It is impossible to go directly on from our cultural state of today if we do not receive increments of strength from our primitive roots. These latter, however, we receive only if in a certain sense we go back behind our present stage of culture to give the suppressed primitive in us an opportunity to develop itself. How that is to happen is a question in itself.
-Carl Jung
After the recent event of the tsunami in the south seas, stories began to surface regarding huge populations of animals and entire tribes of indigenous peoples who had sensed the impending disaster before it hit and were able to relocate to high ground in time to survive without harm. Our billion dollar technologies and great scientific minds were incompetent and incapable of foretelling what these animals and indigenous peoples instinctively knew. An article I read in the New York Times describes the fact that scientists who had dismissed these people as primitive, superstitious and uneducated were suddenly respectful and interested in learning more about their ways of knowing. Ah. My heart felt happy to read this news.
Like innocent Persephone who was playing happily in the fields picking flowers when Hades suddenly abducted her into the world below, sometime during the early 90’s I was happily going about the work of my religious life as an ordained minister, preparing a talk on the subject of ritual, when I happened to read a notice announcing that Malidoma Somé would be speaking that evening in a local bookstore about his new book on ritual. Little did I know that reading that notice was the tremor of the earth which would soon open up to swallow me into an underworld of initiation, awakening the sleeping indigenous person inside. The journey ultimately took me out of religion, over to Africa, into a PhD program in depth psychology, through a disintegration of nearly every aspect of life as I had known it, and seems to have plopped me onto a mountain top in North Carolina with the intention of committing myself to the work of reviving indigenous awareness in the western psyche.

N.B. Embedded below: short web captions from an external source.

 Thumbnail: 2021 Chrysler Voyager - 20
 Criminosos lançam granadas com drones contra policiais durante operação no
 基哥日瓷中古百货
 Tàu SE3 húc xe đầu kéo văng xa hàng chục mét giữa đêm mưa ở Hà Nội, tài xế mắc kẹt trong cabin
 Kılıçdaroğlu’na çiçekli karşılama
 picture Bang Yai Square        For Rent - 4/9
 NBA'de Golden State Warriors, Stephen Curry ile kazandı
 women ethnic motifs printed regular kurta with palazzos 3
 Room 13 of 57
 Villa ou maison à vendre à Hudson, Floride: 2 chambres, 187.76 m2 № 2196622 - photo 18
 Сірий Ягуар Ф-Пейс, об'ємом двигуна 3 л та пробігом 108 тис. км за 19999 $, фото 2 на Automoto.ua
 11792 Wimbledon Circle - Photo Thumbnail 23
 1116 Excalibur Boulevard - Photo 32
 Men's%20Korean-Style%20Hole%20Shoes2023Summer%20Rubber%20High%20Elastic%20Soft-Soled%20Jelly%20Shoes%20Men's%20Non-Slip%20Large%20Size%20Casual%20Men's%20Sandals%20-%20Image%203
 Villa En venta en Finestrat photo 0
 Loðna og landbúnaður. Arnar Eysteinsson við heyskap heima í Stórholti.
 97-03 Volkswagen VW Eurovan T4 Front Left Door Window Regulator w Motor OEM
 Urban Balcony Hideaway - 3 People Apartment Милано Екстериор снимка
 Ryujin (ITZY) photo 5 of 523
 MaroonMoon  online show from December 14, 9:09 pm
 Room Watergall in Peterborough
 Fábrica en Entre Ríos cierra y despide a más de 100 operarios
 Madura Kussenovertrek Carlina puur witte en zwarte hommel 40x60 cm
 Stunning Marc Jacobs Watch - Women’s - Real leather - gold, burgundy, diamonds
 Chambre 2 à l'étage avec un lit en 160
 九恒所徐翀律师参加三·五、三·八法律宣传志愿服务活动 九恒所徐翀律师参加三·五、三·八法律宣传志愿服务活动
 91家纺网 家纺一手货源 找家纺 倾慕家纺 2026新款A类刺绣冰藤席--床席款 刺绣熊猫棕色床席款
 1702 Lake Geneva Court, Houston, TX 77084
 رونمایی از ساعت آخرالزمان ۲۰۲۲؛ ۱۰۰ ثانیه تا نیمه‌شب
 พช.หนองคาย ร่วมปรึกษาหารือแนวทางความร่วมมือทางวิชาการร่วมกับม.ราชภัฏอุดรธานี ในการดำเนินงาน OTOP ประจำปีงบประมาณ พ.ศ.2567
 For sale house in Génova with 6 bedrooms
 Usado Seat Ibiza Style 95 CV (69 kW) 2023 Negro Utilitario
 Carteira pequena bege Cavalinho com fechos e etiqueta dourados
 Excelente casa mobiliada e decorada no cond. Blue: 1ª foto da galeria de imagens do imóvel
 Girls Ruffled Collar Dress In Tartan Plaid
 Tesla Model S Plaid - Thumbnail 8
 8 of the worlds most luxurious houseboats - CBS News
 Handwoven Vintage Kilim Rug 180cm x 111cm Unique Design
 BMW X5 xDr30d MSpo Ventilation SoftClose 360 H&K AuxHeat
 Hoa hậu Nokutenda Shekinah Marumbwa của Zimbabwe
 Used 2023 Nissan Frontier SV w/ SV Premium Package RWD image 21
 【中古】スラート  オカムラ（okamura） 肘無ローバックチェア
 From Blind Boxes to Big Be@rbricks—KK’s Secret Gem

Eco-theologian Thomas Berry writes of our species that we have tragically become autistic, listening and speaking only to ourselves, that we have lost “the great conversation” with the river, mountain, plant, bird, wind, water, fire. The rest of life is carrying on in vibrant communication, but humans have lost the senses that would hear and make of ourselves integral participants in the dialogue. In the thrust toward modernization, a severe condition of anthropomorphic hubris seems to have developed, and humans in general have stopped believing that plants or trees or the non-human world have much of anything useful to say to us. The needs of the human took precedence over those of every other planetary system, and our concerns became the only ones that ultimately mattered. We began to devalue, and let atrophy, those aspects of the human self that could hear or care about the cries of nature as we imperialistically marched forward under the banner of progress. The silencing of our vital capability to participate in the great conversation, I believe, is what allows us to unconscionably disturb the balance of nature, cut down rain forests, dump poisons into the air and the rivers, allow unrecoverable top soil to wash away into the waters, deplete earth resources necessary for our own survival and continue in this pathological trajectory without a clue that it is not only murderous but also suicidal. As a whole, we have become like the good Dr. Jekyl of Robert Louis Stevenson’s novel who believes himself to be civilized, caring and compassionate, while remaining completely unconscious of his other aspect, Mr. Hyde – a part that is actively engaged in heinous murder and destruction.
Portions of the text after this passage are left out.